2. Share fonts across files by either using GFx::FontLib and/or importing. Embedding the same characters in every single file may cause unreasonable increase in asset size, memory use (if the later files are simultaneously loaded) and load time. When possible, it is best to store embedded fonts into separate SWF/GFX files which are shared and thus do not need to be duplicated in memory or reloaded. The use of GFx::FontLib will be discussed later in this document.

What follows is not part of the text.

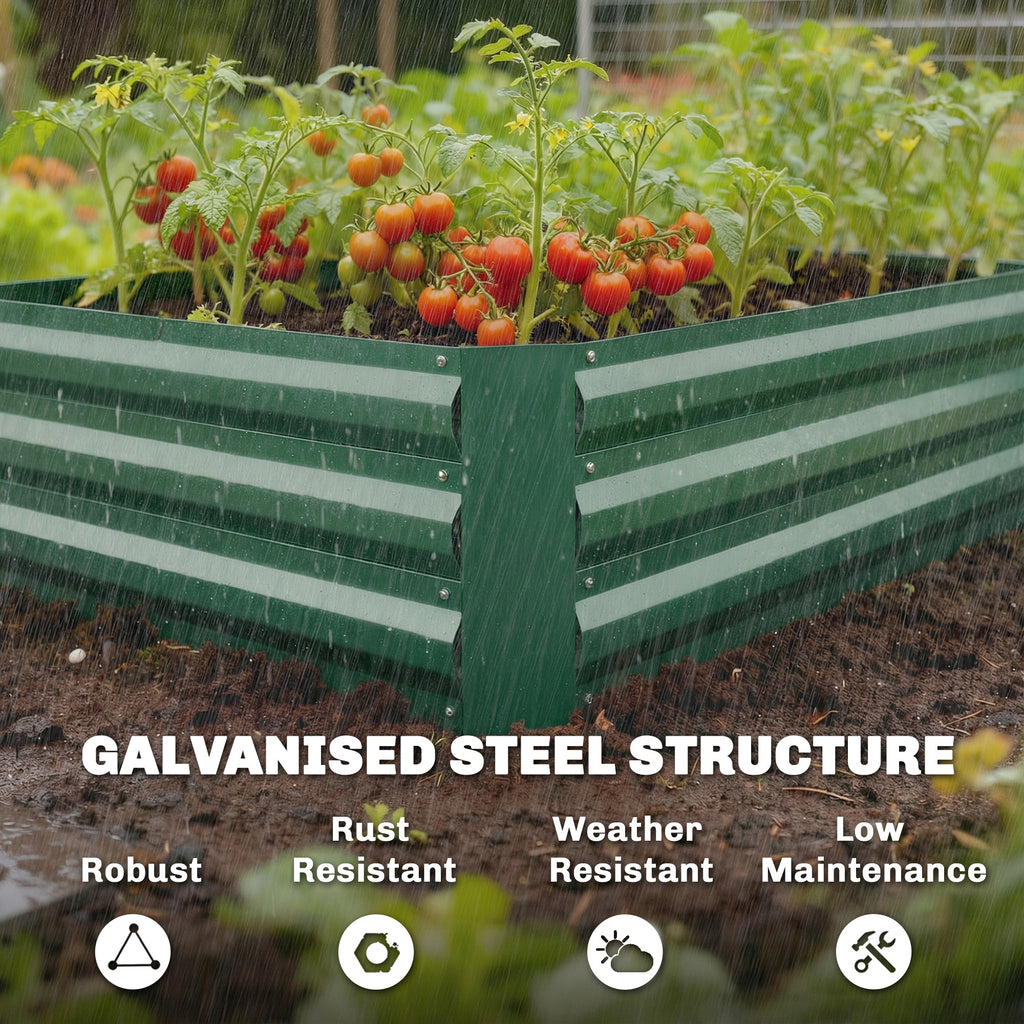 Galvanized Raised Garden Bed with Trellis for Climbing Plants, Outdoor Planter Box with Open Bottom, Green
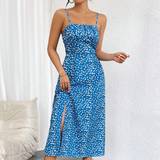 Blå - Lange kjoler - Stretch Shein Break Women's Blue Abstract Floral Print Spaghetti Strap Maxi Dress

3. Only embed the used characters for Asian character sets. In Asian localized games it is possible to avoid embedding all characters in the language and instead embed only those characters that are used in the game text. After translation, all of the game strings can be scanned to generate the required unique character set, which is then embedded. As long as the game does not require arbitrary dynamic text input through IME, limiting the character set will result in significant space savings.
4. Consider using GFxEport font compession (-fc option). Generally 10%-30% size reduction can be achieved without noticeable reduction in quality (see Using font compacter - gfxexport in Part 4: Configuring Font Rendering).

For a best looking internationalized game, users may choose to combine all of these techniques, limiting the fonts used and sharing them through GFx::FontLib. For Asian languages, embedding only the characters used or if IME is required, embedding only one complete font, would result in substantial memory savings.